The anti-spam manifesto

How do you fight spam? By implementing multiple techniques, all fallible but all effective in combination.

Ever since the first spam message appeared in Internet users’ inboxes, the battle against spam has been waged in a war of ever-increasing importance as the technological capabilities of both sides develop. Today, any anti-spam platform needs to use several approaches to stem the scourge of unsolicited mail. However, each approach has its own shortcomings, which either allow the spammer to slip through the net, or penalize the use of e-mail.

– the blacklist: used right from the start of the anti-spam war, this is based on a compilation of e-mail addresses, domain names or IP addresses that send or relay spam. The compilation is stored on an MTA or MUA. All e-mails from blacklisted entities will be automatically deleted. Theoretically, no false positives will be detected, since we’re certain that the entity is a vile spammer. The problem is that spammers can always use a new e-mail address, impersonate an entity other than their own, or even take control. Such a platform is also easy to attack via a DoS. Last but not least, if a spammer manages to infiltrate a legitimate domain, all normal users of the domain will see their mails subsequently rejected.
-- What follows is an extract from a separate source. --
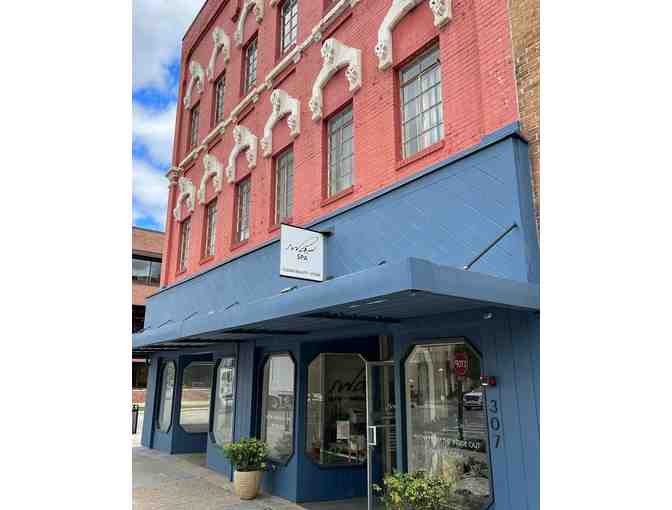 Custom Facial & Eyebrow Wax w/ Emmirsyn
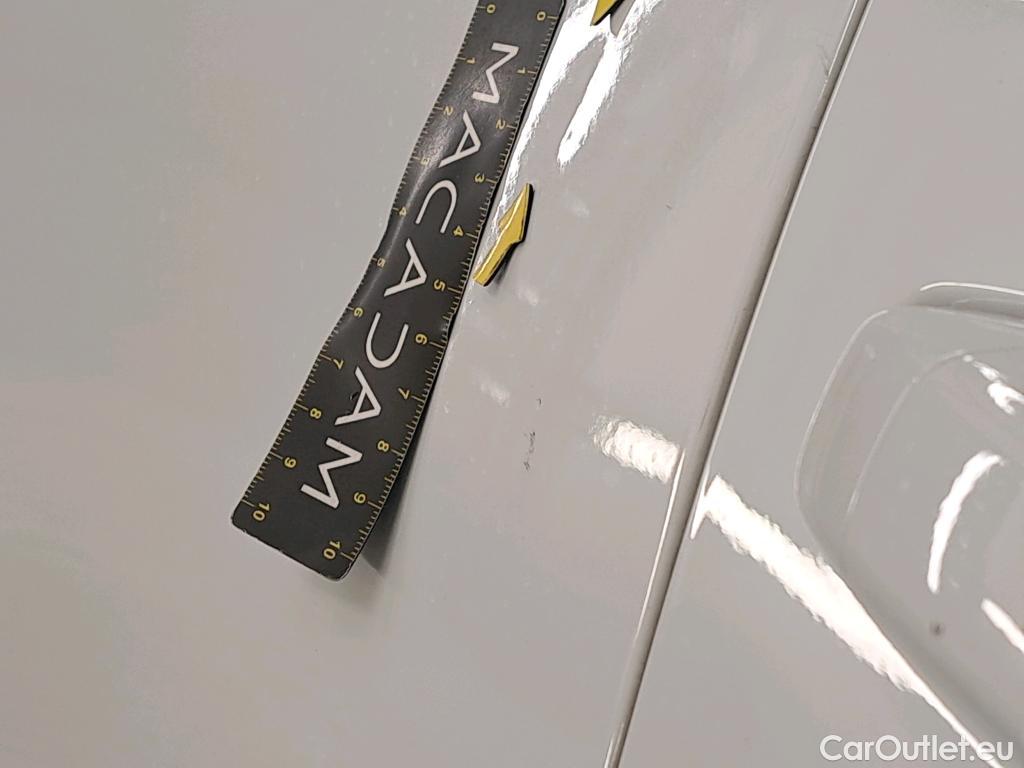  Renault  Megane  IV Berline 5 ptes. Société Air Nav 1.5 dCi 90CV BVM6 E6 #17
– the white list: the principle is the same as for the black list: we compile a list of entities, with the difference that here we store entities that we are certain are trustworthy. This anti-spam technique works perfectly on a closed system, with a defined and limited list of users. On an open system, all e-mails from unknown entities will be systematically rejected, resulting in a high false positive rate. On the other hand, if a spammer manages to gain access to the list, he can easily usurp any of these entities.

– keyword research: widely used, this technique is ineffective in that the spammer simply uses variants, synonyms or distortions of the words, while legitimate e-mails containing the search words will be rejected.

– reputation: a system monitors an entity’s e-mail traffic (domain, IP, address), and a significant change in volume will be taken as an indication of spamming. The problem is that by the time an entity is flagged, millions of spam messages have already been sent. What about entities usurped by spammers?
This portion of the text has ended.